Mildred Loving, an unintentional heroine of the civil rights movement, passed away earlier this month at the age of 68.
Mildred, a Black/Native American native of Virginia, along with her white husband Richard, were arrested in July 1958, 5 weeks after getting married in Washington DC. Their crime? Violating Virgina’s miscegenation law barring marriage between people of different racial groups. They plead guilty and promised to leave the state and not return together for 25 years. They eventually settled in DC and visited family in VA separately over subsequent years.
After struggling to raise their three children away from their families and the life they knew in VA, Mildred contacted then US Attorney General Robert F. Kennedy in 1963 for help. He directed Mildred and Richard to the ACLU. Loving vs. Virginia finally made its way to the Supreme Court in 1967 and the court struck down the last remaining segregation laws on the books. In a twist of fate, the same justice who wrote the court’s opinion in Brown vs. Board of Ed. also wrote the opinion in Loving vs. Virginia.
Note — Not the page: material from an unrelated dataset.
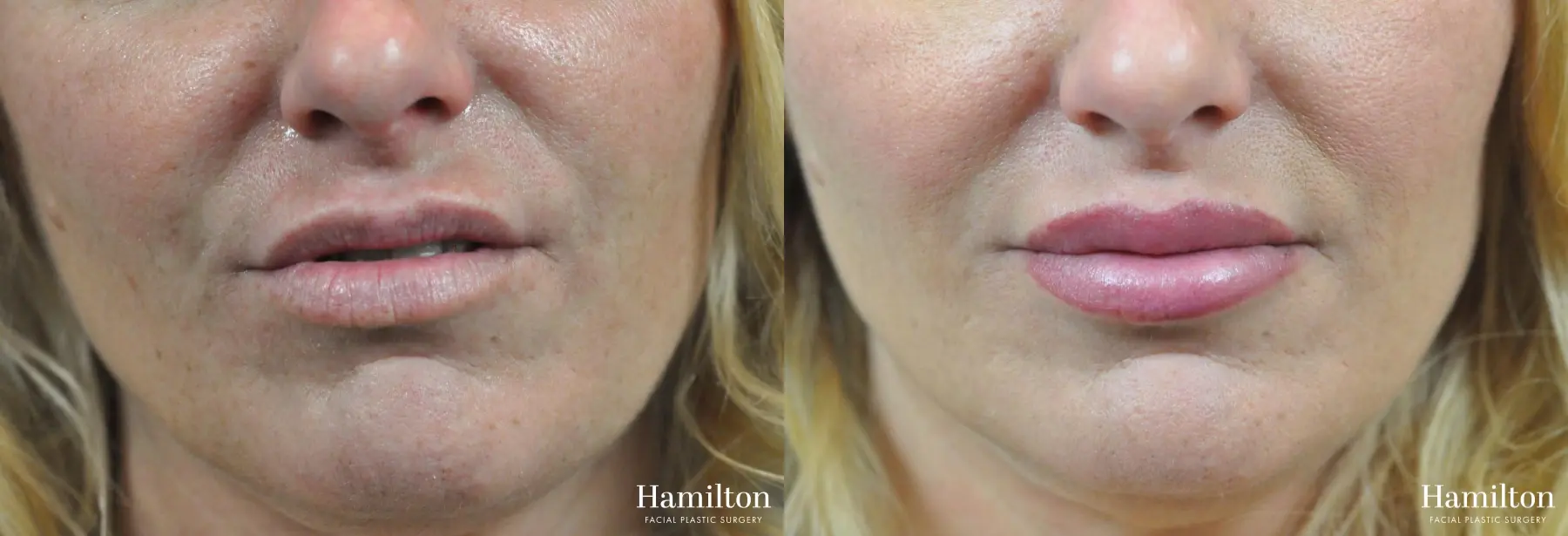 Lip Lift: Patient 3 - Before and After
Mildred and Richard Loving were always adamant that they pursued their case not for other people but for themselves. They wanted to be able to love each other freely without government interference.
I’m always struck by the fact that in my parents lifetime (and only 8 years before I was born) it was illegal in some states to be an interracial couple. This hits particularly close to home for me b/c my partner is not Asian and we could have been illegal back in the day. Without the Lovings the world could have been deprived of Tiger Woods, Derek Jeter, and the beautiful couple that is Heidi Klum & Seal. We’ve come a long way if you consider the fact that the current Secretary of Labor Elaine Chao would have been a felon b/c of her marriage to US Sentor Mitch McConnell (R-Kentucky).
Of course, many things change but many things also stay the same. During last year’s 40th Anniversary of Loving vs. Virginia, Mildred made a statement in support of gay marriage.